Starting at the line where "Opel-Astra-image-14" occurs, reproduce each line through the end of the entries below exactly. Omit every picture.
*** DATA LISTING
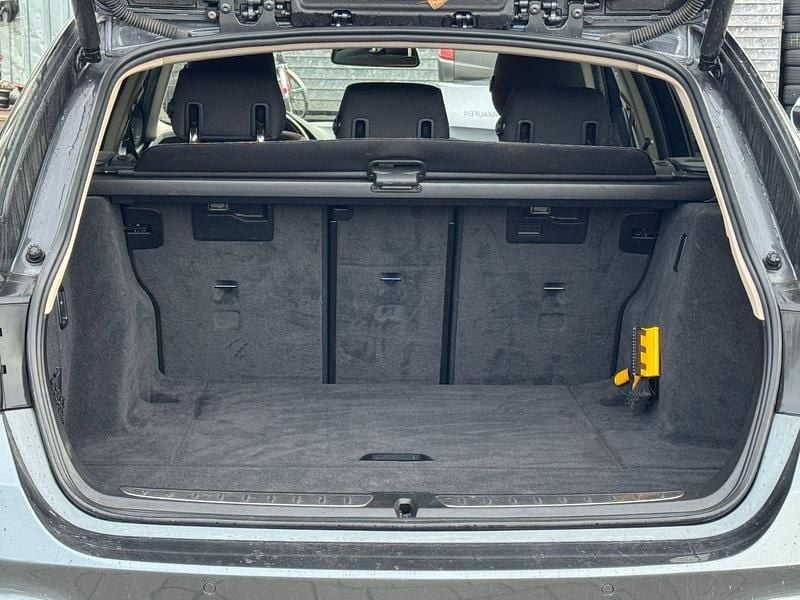 Gebraucht BMW 320 190 PS (139 kW) 2018 Grau Kombi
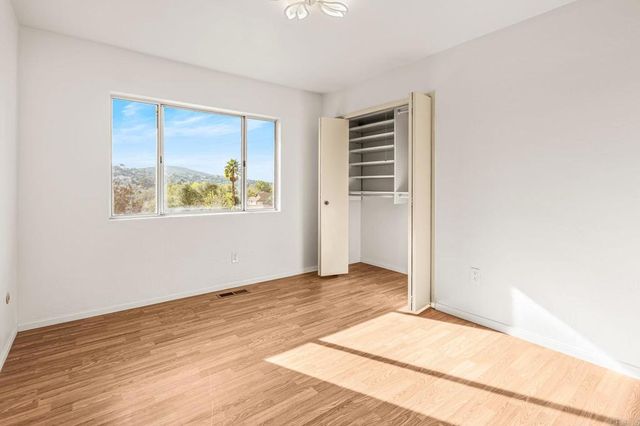 3925 Rogers Rd, Spring Valley, CA 91977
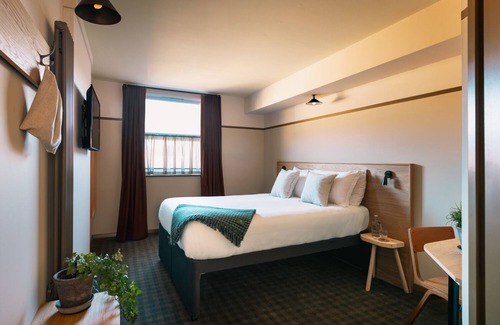 North East Derbyshire Hotel | THE HIDE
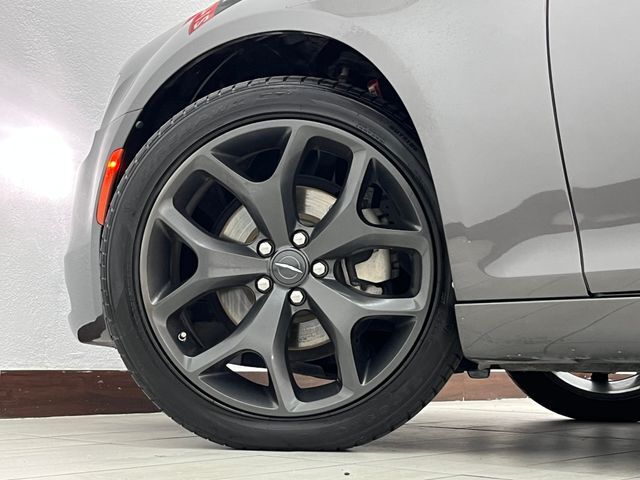 2023 Chrysler 300 Touring Carrollton TX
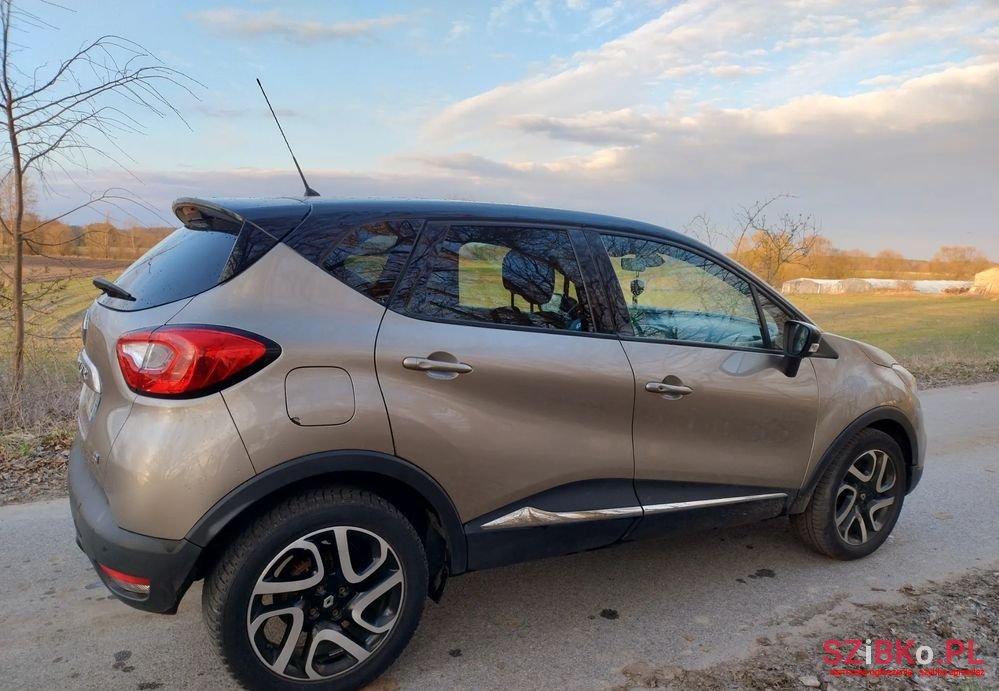 2016' Renault Captur photo #5
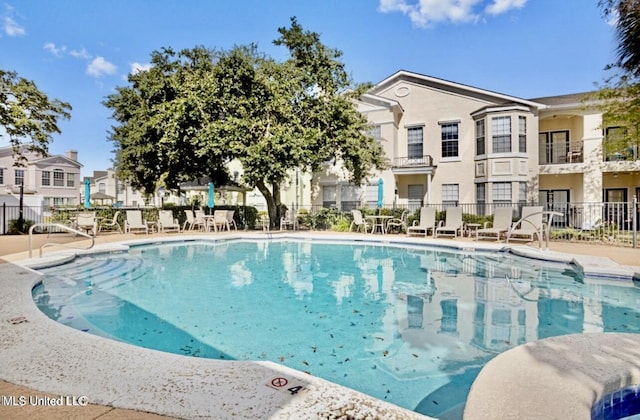 2252 Beach Dr Unit 305, Gulfport, MS 39507 - community pool featuring fence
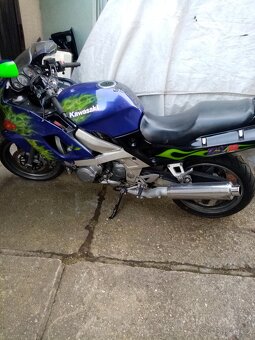 Kawassaki zzr 600 - 5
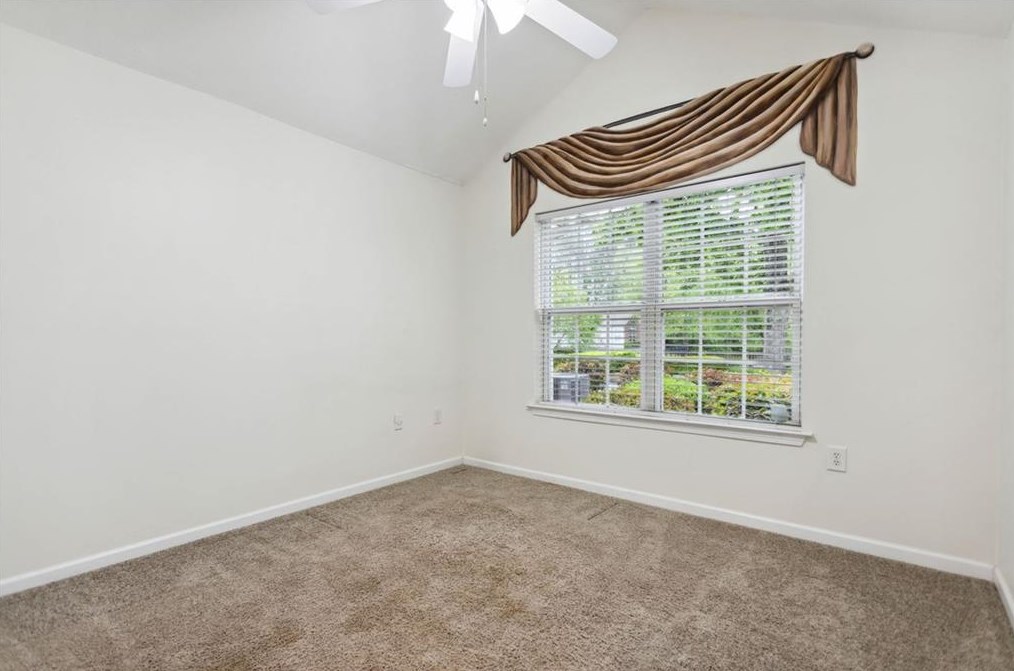 25105 Harvest Rdg Ln, Alpharetta GA 30022-8645 exterior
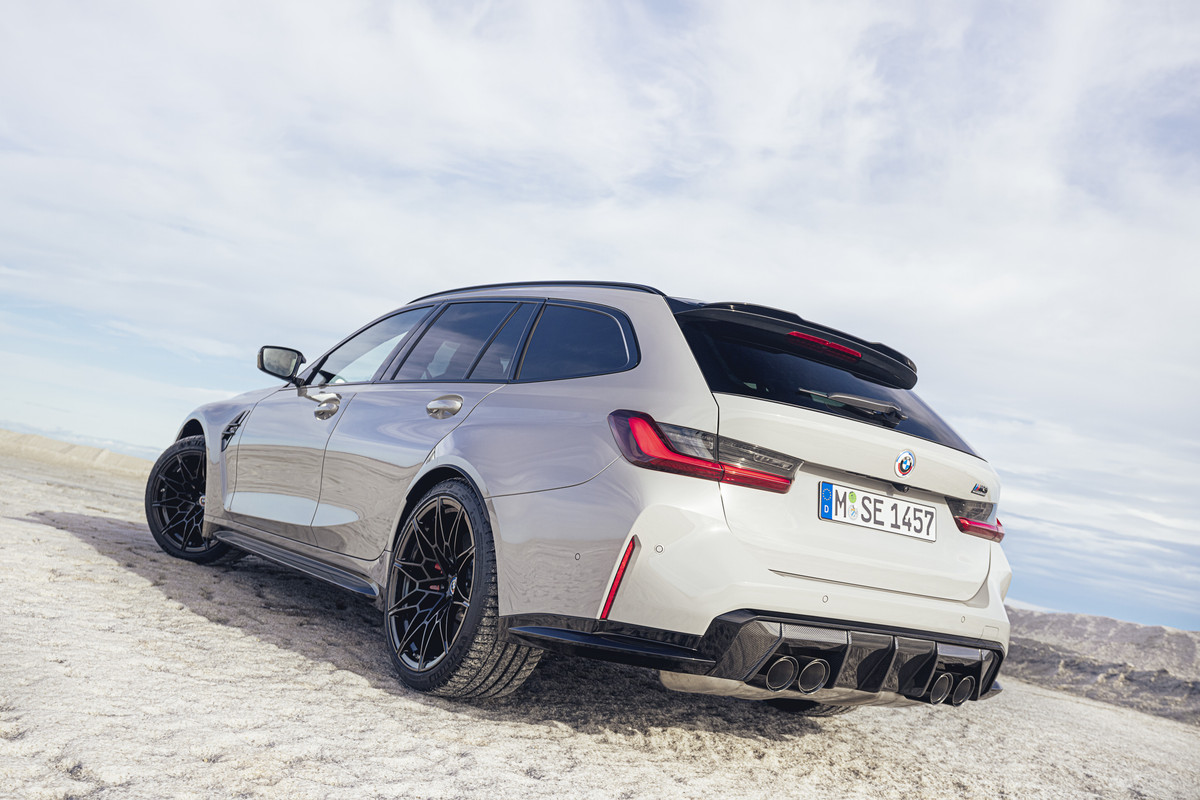 P90468171_highRes_the-first-ever-bmw-m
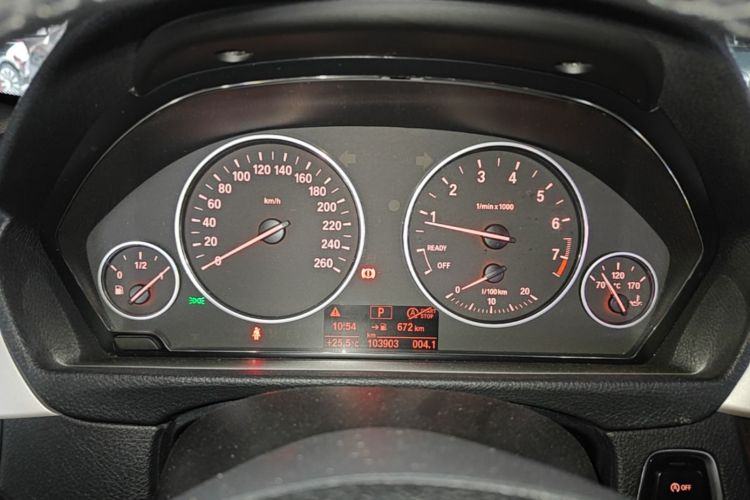 BMW 3 Series 2015 car image #16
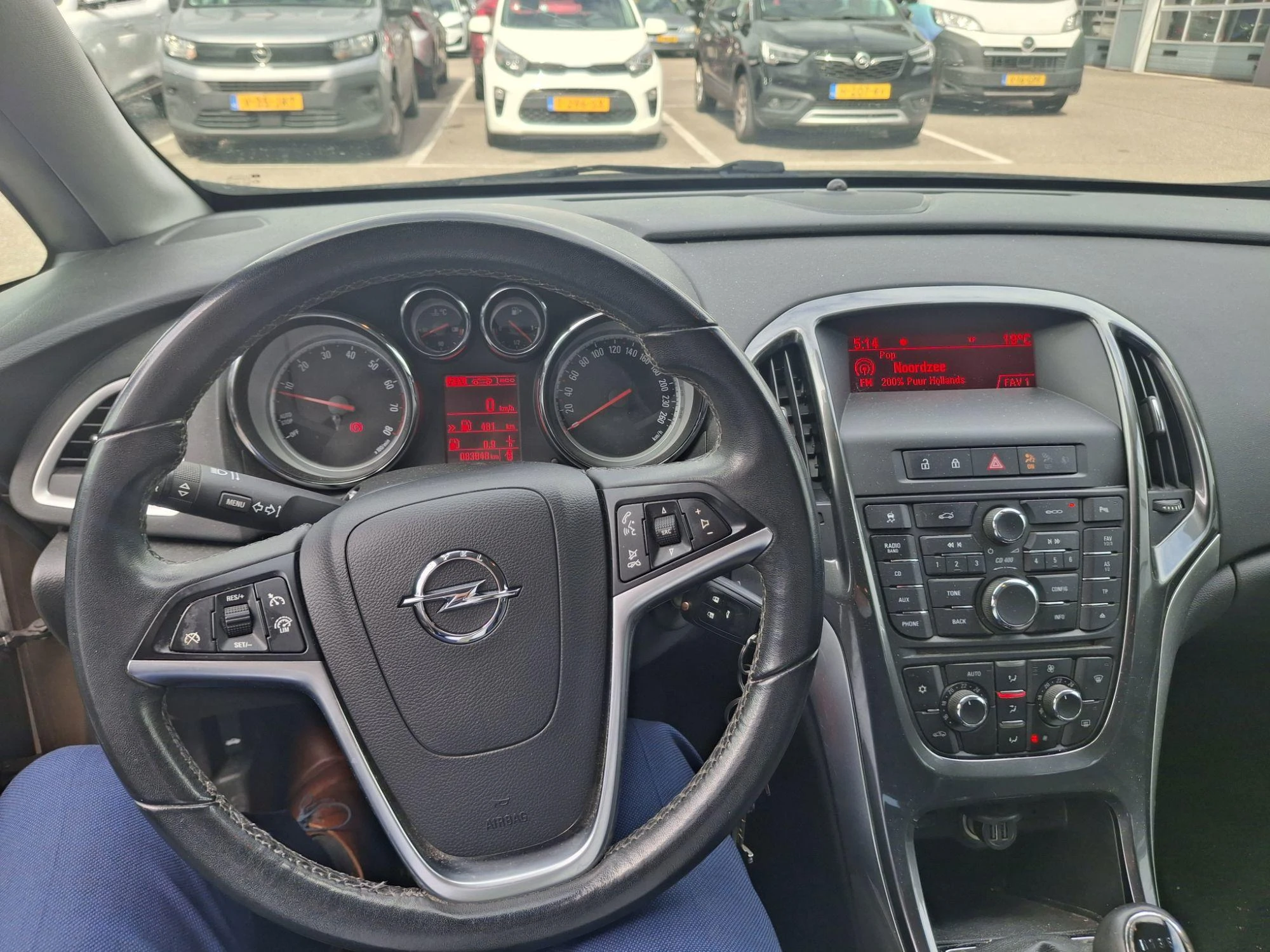 Opel-Astra-image-14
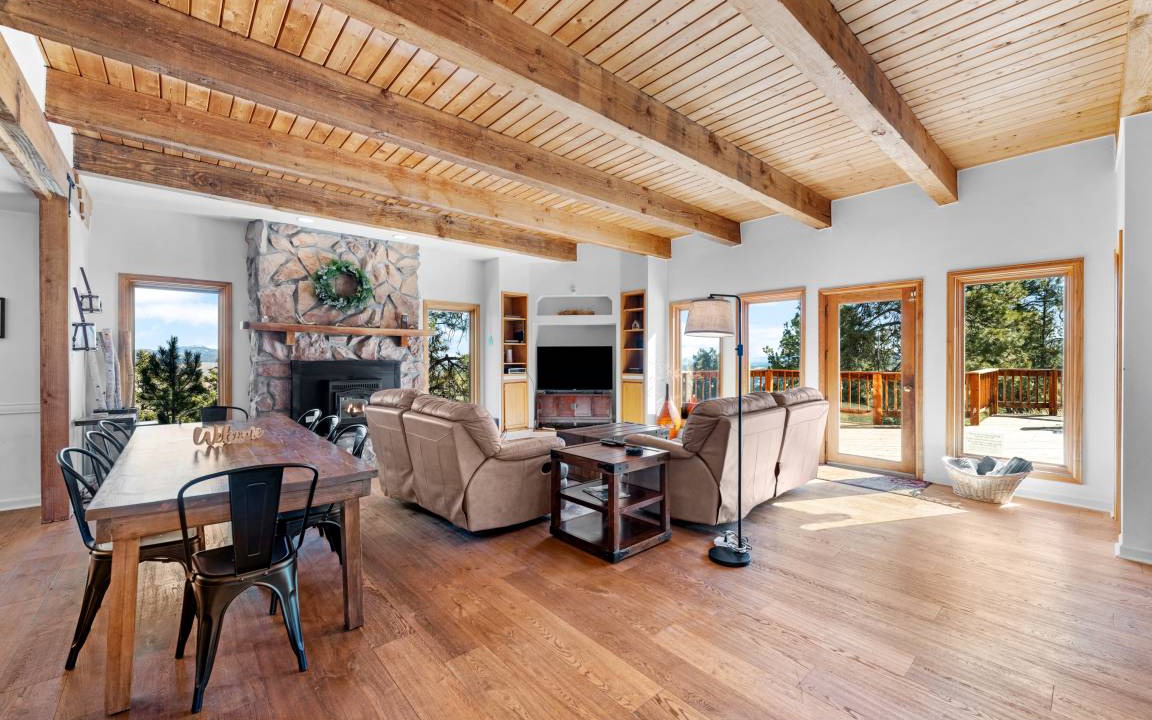 Photo of Livingroom in Bailey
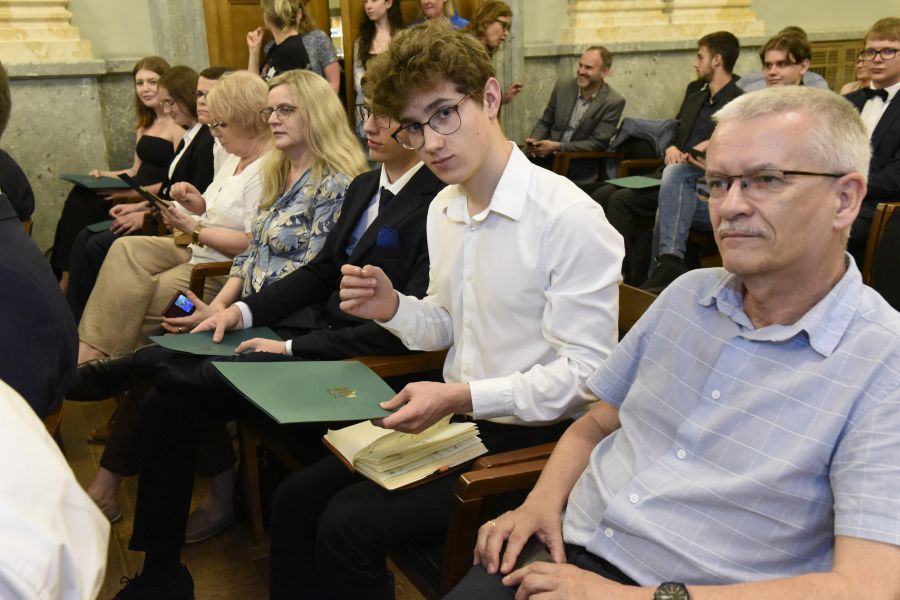 Kliknij aby zobaczyć pełny rozmiar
******
ANSWER BELOW:
 Opel-Astra-image-14
 Photo of Livingroom in Bailey
 Kliknij aby zobaczyć pełny rozmiar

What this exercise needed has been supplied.